§ **Instructions to follow**
Every line below needs to be printed again exactly, without any of its pictures.

§ **Data**

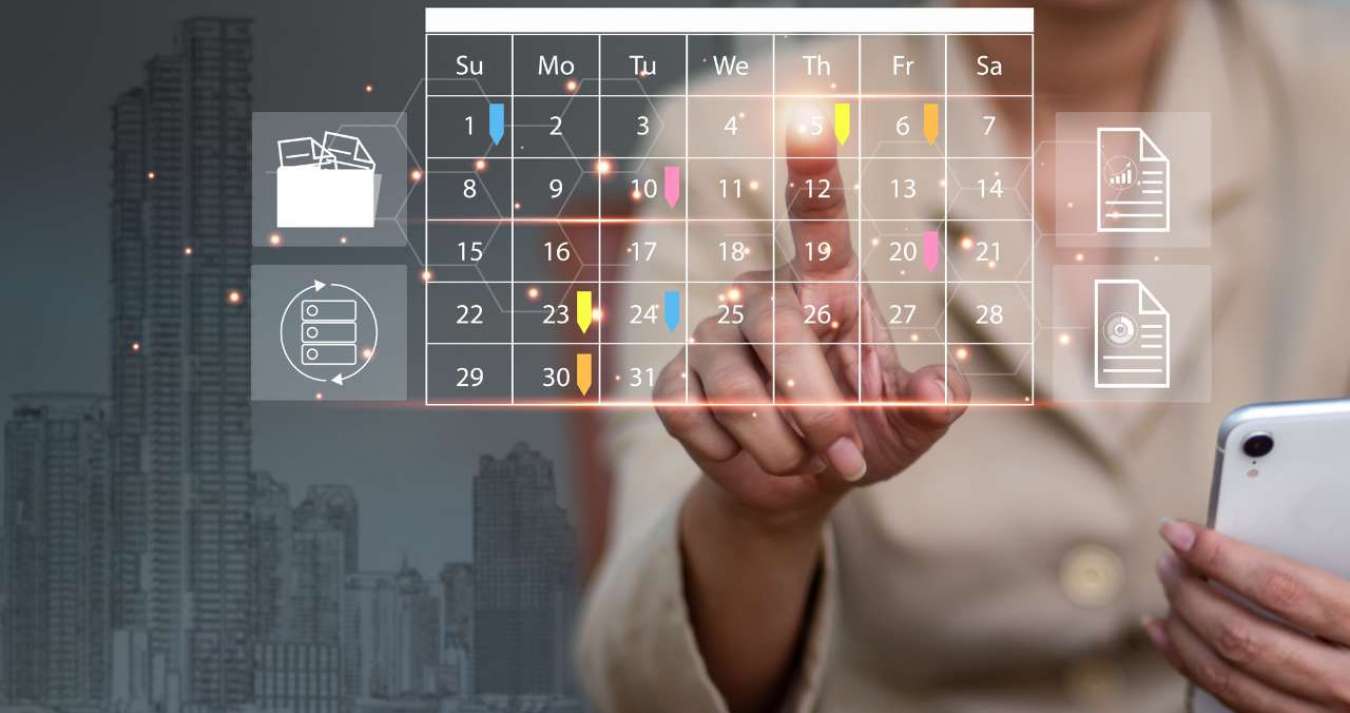 A imagem retrata uma pessoa (uma mulher) segurando um smartphone e fazendo anotações em um aplicativo de calendário. A tela do telefone exibe o calendário e uma notificação de compromisso. A mulher parece estar ocupada organizando sua agenda e planejando suas atividades, talvez como parte de seu trabalho como organizadora de eventos. 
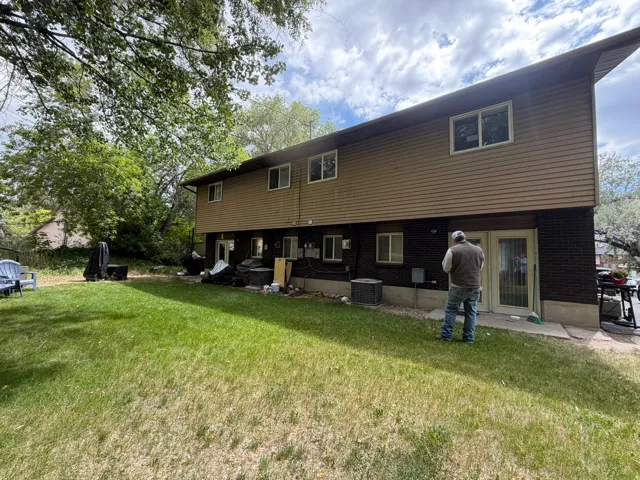 Two-story exterior featuring tan siding and dark brick lower facade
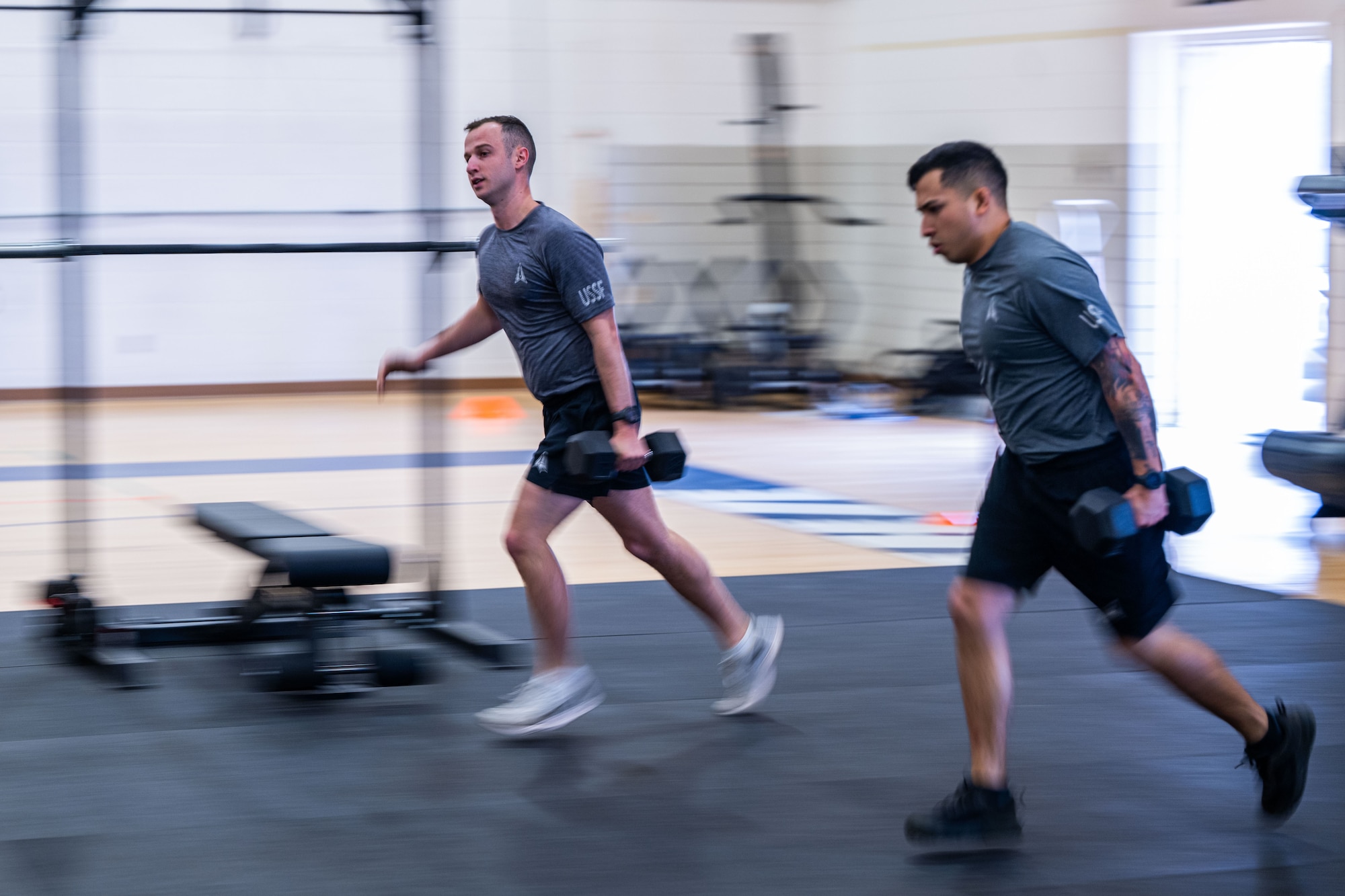 Military members in physical training gear performs a physical challenge.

§ **Result**
 A imagem retrata uma pessoa (uma mulher) segurando um smartphone e fazendo anotações em um aplicativo de calendário. A tela do telefone exibe o calendário e uma notificação de compromisso. A mulher parece estar ocupada organizando sua agenda e planejando suas atividades, talvez como parte de seu trabalho como organizadora de eventos. 
 Two-story exterior featuring tan siding and dark brick lower facade
 Military members in physical training gear performs a physical challenge.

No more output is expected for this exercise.